Some days are a LOT harder than others. Posting selfies is a lot harder than it looks for people like me. Especially during certain dark times.
This #selflovebootcamp is kicking my assand has become a huge trigger for me and all my insecurities, my hurt and past traumas.
I know though this is actually something I NEED TO FACE AND GO THROUGH its just extremely difficult. I admit I was starving myself again. It was doing nothing to change my weight really, since I have hashimotos disease, and am going through menopause ( due to a full hysterectomy and hormones not working), and medication, the list goes on, I'm mostly in a wheelchair.
I'm FORCING myself to EAT an apple right now and oatmeal this morning literally forced it down my throat.
Every time I think I've got this recovery thing down, it's tricked me.

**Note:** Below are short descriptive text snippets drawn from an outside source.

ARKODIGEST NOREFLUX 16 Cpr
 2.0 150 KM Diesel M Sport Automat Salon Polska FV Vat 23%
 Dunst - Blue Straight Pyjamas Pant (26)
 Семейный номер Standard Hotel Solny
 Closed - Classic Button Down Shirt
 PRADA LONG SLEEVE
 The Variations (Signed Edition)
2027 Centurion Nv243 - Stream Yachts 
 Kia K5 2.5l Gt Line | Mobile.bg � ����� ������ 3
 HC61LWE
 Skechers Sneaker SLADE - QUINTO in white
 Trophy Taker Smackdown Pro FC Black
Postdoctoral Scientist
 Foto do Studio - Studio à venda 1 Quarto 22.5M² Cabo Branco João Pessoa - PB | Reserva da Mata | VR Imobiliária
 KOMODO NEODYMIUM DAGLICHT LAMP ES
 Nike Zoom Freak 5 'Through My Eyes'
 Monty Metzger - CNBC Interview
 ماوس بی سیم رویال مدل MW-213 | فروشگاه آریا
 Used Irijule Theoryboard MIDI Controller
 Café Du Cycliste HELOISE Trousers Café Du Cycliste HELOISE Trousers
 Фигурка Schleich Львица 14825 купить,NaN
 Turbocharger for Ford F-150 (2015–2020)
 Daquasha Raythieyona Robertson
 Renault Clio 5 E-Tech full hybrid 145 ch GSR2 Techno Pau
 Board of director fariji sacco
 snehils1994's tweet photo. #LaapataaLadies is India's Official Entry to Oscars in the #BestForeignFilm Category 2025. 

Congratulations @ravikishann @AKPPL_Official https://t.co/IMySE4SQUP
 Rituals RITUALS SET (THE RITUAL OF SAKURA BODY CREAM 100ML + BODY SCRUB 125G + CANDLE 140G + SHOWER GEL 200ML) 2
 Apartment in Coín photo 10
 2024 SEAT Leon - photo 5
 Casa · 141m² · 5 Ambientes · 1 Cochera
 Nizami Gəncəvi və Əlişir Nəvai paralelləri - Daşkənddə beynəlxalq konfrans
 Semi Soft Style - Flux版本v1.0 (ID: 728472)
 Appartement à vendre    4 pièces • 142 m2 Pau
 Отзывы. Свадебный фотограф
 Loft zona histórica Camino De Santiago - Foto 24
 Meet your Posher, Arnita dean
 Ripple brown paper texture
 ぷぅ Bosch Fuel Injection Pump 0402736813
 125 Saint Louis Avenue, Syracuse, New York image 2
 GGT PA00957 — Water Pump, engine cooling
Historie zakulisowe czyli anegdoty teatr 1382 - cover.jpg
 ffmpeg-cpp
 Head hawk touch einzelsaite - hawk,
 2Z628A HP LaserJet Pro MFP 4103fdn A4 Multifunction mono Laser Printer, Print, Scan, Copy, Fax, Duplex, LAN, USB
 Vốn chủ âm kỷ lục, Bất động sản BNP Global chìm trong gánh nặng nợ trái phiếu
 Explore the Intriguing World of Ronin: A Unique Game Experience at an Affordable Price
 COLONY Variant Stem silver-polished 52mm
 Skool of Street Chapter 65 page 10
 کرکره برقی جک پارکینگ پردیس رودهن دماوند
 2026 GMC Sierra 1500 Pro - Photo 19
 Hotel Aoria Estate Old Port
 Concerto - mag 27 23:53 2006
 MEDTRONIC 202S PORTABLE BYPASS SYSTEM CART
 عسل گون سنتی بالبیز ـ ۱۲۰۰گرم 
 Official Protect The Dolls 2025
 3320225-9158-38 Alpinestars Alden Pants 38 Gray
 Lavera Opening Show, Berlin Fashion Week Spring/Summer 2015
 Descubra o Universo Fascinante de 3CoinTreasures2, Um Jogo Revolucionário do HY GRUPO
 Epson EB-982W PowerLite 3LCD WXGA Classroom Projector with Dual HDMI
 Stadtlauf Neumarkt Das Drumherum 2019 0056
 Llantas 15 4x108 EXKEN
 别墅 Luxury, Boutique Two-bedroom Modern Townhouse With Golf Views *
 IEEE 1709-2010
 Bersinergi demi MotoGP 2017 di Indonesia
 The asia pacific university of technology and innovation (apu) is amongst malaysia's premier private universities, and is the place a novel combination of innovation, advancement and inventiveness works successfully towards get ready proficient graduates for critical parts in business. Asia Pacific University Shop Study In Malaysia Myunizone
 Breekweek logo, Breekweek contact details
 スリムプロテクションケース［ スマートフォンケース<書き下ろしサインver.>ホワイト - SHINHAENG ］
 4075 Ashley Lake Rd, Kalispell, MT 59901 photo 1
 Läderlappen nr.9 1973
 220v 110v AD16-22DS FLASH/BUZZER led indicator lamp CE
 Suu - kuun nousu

And then I have to take a good hard look at myself and say is this what I want my kids to see???
And go through themselves? ??
I want them to be confident, strong, never doubt how beautiful they are INSIDE and OUTSIDE!
Yet here I am, the hypocrite.
I'm crying several times a day.
Facing many of my demons-
On and on
Trying to be the BEST MOMMY I CAN BE!
Pouring FROM THE MOST EMPTY CUP EVER!
I am facing my fears head on and I am terrified.
But So glad I am doing this.
I am glad I'm forcing myself to eat.
And facing my "demons".
Are you going through something similar?